**INSTRUCTIONS TO FOLLOW:** Among the entries that follow, locate the line with "Hello, this is" and the line with "Alright guys, what's". Output those lines and all lines in between, exactly, minus the pictures.

**RECORDS FOR THE TASK:**

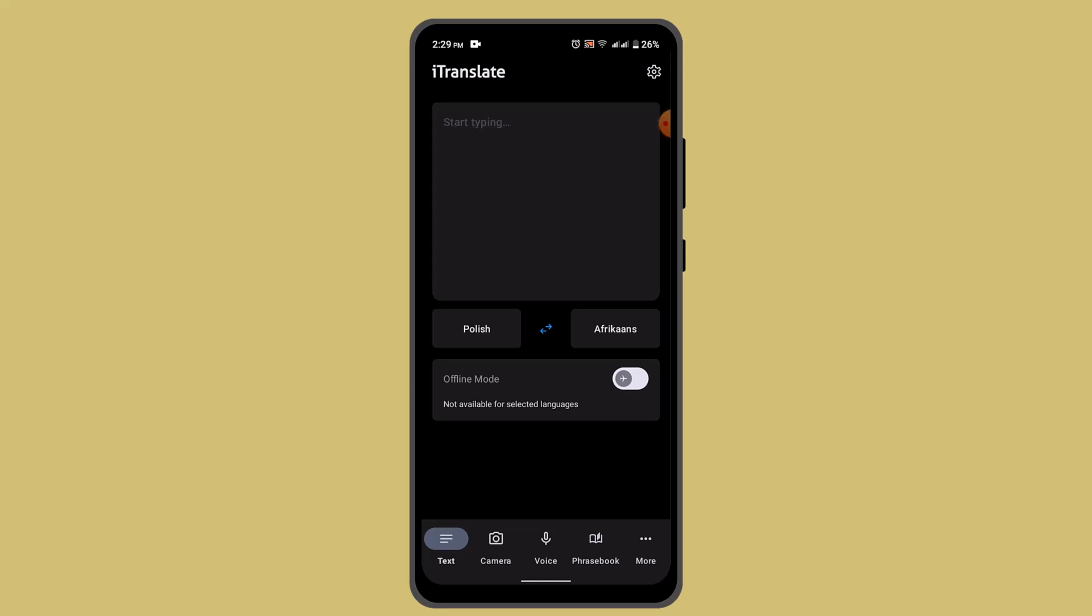First of all, you can try checking your internet connection. iTranslate does not function without internet connection, so make sure that you are connected to a stable internet connection.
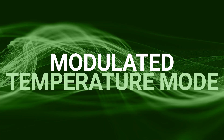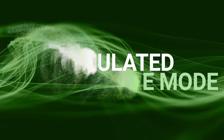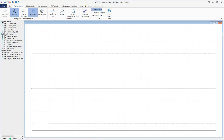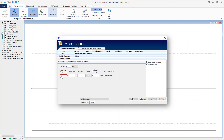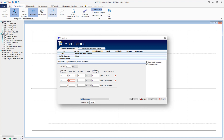Predictions at Modulated Temperature Profiles. Click on the Modulated tab to display the simulation of the reaction rate and reaction progress at a customized modulated temperature. In this example, the underlying isothermal temperature of 40 degrees Celsius is superimposed by periodic waveform oscillations with an amplitude of 20 degrees Celsius and a frequency of 24 hours.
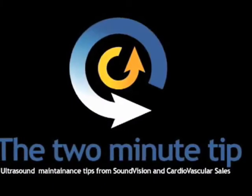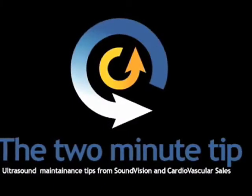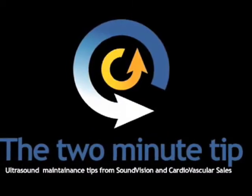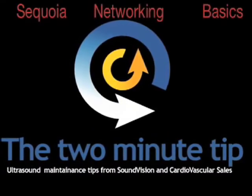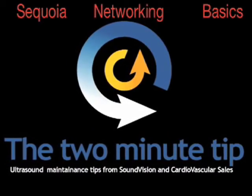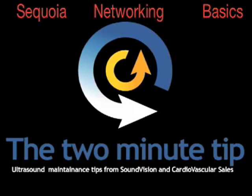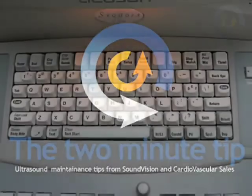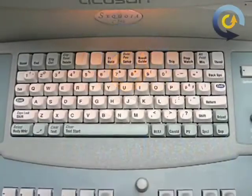Hello, this is Bill Ward, Director of Service with SoundVision CVS with another technical tip. Today we're going to take a look at the Acuson Sequoia, now Siemens, specifically at the network setup. Let's get right into it.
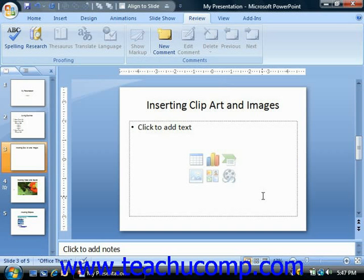One of the most useful functions of PowerPoint is the ability to add clipart and other pictures to your presentation in order to maximize its overall appearance. PowerPoint provides you with a clipart gallery stocked with hundreds of images that you will find useful for enhancing your presentations. You can also import any clipart, bitmaps, or other types of picture files that you have on your computer into PowerPoint.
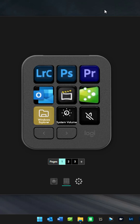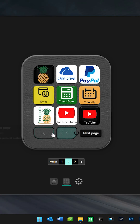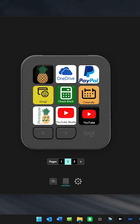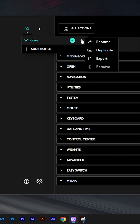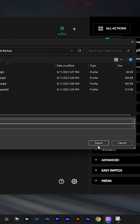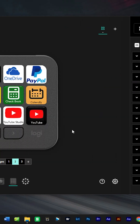Go into your LogiOptions Plus software. As you can see here, I've got a couple of different custom pages of icons for my standard Windows profile. All we have to do is go up here to the three dots, click export, and go to the folder where you want to store these settings. It automatically names it — as you can see, it says 'keypad.' Just export that.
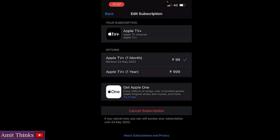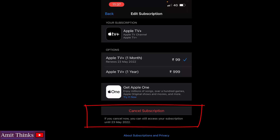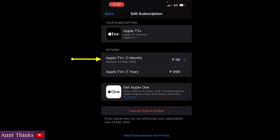Now the Apple TV subscription edit option is visible. You can see it will renew on 23rd May 2022. Below, you can see that if you cancel, you'll still be able to access the subscription until 23rd May 2022 — I went for a one-month subscription. So when I click 'Cancel Subscription,' my current subscription will run until the end of my renewal day, which is 23rd May.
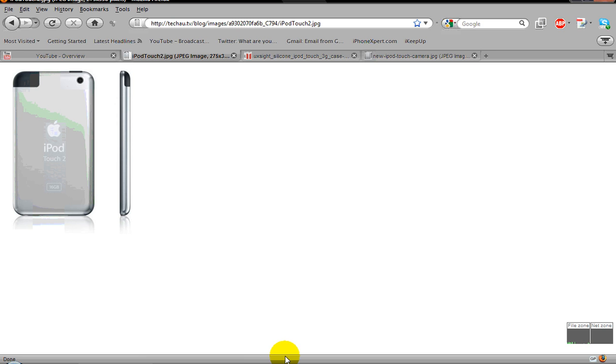Alright guys, what's up? AppsGamePlay here and today I'm just going to be giving you guys my predictions on the new iPod Touch that's rumored to come out in September, around September.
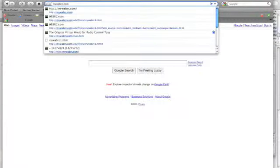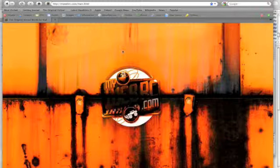First, open up your internet browser, whichever you may use, and then type in www.mywebrc.com, which will take you to our homepage.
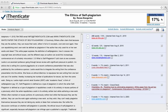This number shows what percentage of content from your submitted document matches content in the Authenticate database. The similarity index provides a high-level glimpse into the amount of matched content in a document. It is best used to provide an indicator of papers that contain a high level of duplicate content and that need a closer look. However, the similarity index alone cannot determine whether or not the document contains misconduct.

**RESULT FOR THIS TASK:**
Hello, this is Bill Ward, Director of Service with SoundVision CVS with another technical tip. Today we're going to take a look at the Acuson Sequoia, now Siemens, specifically at the network setup. Let's get right into it.
One of the most useful functions of PowerPoint is the ability to add clipart and other pictures to your presentation in order to maximize its overall appearance. PowerPoint provides you with a clipart gallery stocked with hundreds of images that you will find useful for enhancing your presentations. You can also import any clipart, bitmaps, or other types of picture files that you have on your computer into PowerPoint.
Go into your LogiOptions Plus software. As you can see here, I've got a couple of different custom pages of icons for my standard Windows profile. All we have to do is go up here to the three dots, click export, and go to the folder where you want to store these settings. It automatically names it — as you can see, it says 'keypad.' Just export that.
Now the Apple TV subscription edit option is visible. You can see it will renew on 23rd May 2022. Below, you can see that if you cancel, you'll still be able to access the subscription until 23rd May 2022 — I went for a one-month subscription. So when I click 'Cancel Subscription,' my current subscription will run until the end of my renewal day, which is 23rd May.
Alright guys, what's up? AppsGamePlay here and today I'm just going to be giving you guys my predictions on the new iPod Touch that's rumored to come out in September, around September.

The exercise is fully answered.